Download a template RMarkdown file to start from here.

Spatial Points

We are going to start by plotting the locations of all accredited colleges and universities in the U.S.

Go to https://nces.ed.gov/ipeds/datacenter/DataFiles.aspx. Click on HD2022 under Data File. It will download a zip file. Unzip this file and you’ll get hd2022.csv. Put that csv in the same location as this Rmd file.

library(readr)
library(dplyr)
library(sf) #install.packages('sf')

colleges <- read_csv('hd2022.csv') #read in data

Now, we’ll convert the data frame to a spatial data frame (using the sf package). We have to tell it the names of the variables that correspond to the longitude (x) and latitude (y) coordinates. Notice the print out. The number of features are the number of rows (colleges) and the number of fields is the number of variables. A particular characteristic of a spatial data frame is that it has a geometry (e.g. point, line, polygon, multipolygon). What is the geometry for this data set?

colleges <- sf::st_as_sf(colleges, coords = c('LONGITUD','LATITUDE'))
colleges
colleges$geometry

We can plot these points by passing the data set to ggplot() and use geom_sf() to plot the geometry list in the appropriate form (point, line, polygon, etc.). Go ahead and plot the locations of the colleges and universities in MN.

colleges %>% 
  filter(STABBR == 'MN') %>%
  ??

Spatial Polygons

If we’d like the state boundaries, we’ll need to get the those values as a polygon. Thankfully, the maps package has all of that information for us. We’ll convert it to a spatial data frame using the sf package. Notice the geometry type and also note the CRS (Coordinate Reference System).
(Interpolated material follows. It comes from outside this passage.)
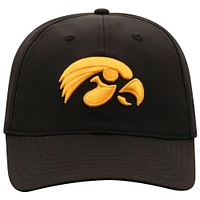 Casquette ajustable noire Iowa Hawkeyes Victory Trainer Top of the World pour homme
#install.packages('maps') if needed
states <- st_as_sf(maps::map("state", plot = FALSE, fill = TRUE))

head(states)

In order to plot the points of the colleges on the same plot as the polygons of state boundaries, we need to make sure we are using the same CRS. You might have noticed that the colleges data set didn’t have a CRS listed, so let’s set the CRS of colleges to be the same as the states.

st_crs(colleges) <- st_crs(states) # provide CRS, if it doesn't have an existing CRS

Add to your existing plot of college locations by adding + geom_sf(data = states %>% filter(ID == 'minnesota'), alpha=0). Notice how it knows what type of plot to make based on the geometry type.

Spatial Lines

Now, let’s add more to our map. Let’s add the main state and interstate highways. Go to https://catalog.data.gov/dataset/tiger-line-shapefile-2019-state-minnesota-primary-and-secondary-roads-state-based-shapefile. Click to Download the Shapefile Zip File. Unzip the folder and move this whole folder (named ‘tl_2019_27_prisecroads’) to the same location as the Rmd you are working. Notice the geometry type.

roads <- read_sf('tl_2019_27_prisecroads')
roads <- st_transform(roads, crs = st_crs(states)) # change CRS if it has an existing CRS
roads

Now that we have this spatial data set loaded, let’s add to our previous plot by adding + geom_sf(data = roads %>% filter(RTTYP %in% c('U','I')), color = 'green'). We are first filtering the roads data set to only include U.S. State roads and Interstate highways and coloring them green.

We’ve worked with spatial points, lines, and polygons. So far, we’ve focused only on locations. These plots do not encode any outcome data.

Mapping Data

  1. Think about how might you be able to incorporate the CONTROL of the college (1: Public, 2: Non-Profit Private, 3: For-Profit Private). Try creating a graph with that outcome data visualized on the map.

  2. Let’s consider counties in MN. What if we wanted to aggregate the college information (# of colleges) to a county level?

#install.packages('maps') if needed
counties <- st_as_sf(maps::map("county", plot = FALSE, fill = TRUE))

head(counties)

countiesMN <- counties %>% filter(stringr::str_detect(ID,'minnesota'))

We want to check to see how many colleges are in each county. You can use st_intersects(X,Y) to check to see if the geometry of X intersects with the geometry of Y. In other words, we want to see for each county how many MN college point locations are in the county polygon.

sf::sf_use_s2(FALSE) # avoids an error with spherical geometry.
countiesMN$NumColleges <- st_intersects(countiesMN, colleges %>% filter(STABBR == 'MN')) %>% lengths()

##Create a plot of counties and fill according to the number of colleges

countiesMN %>%
  ???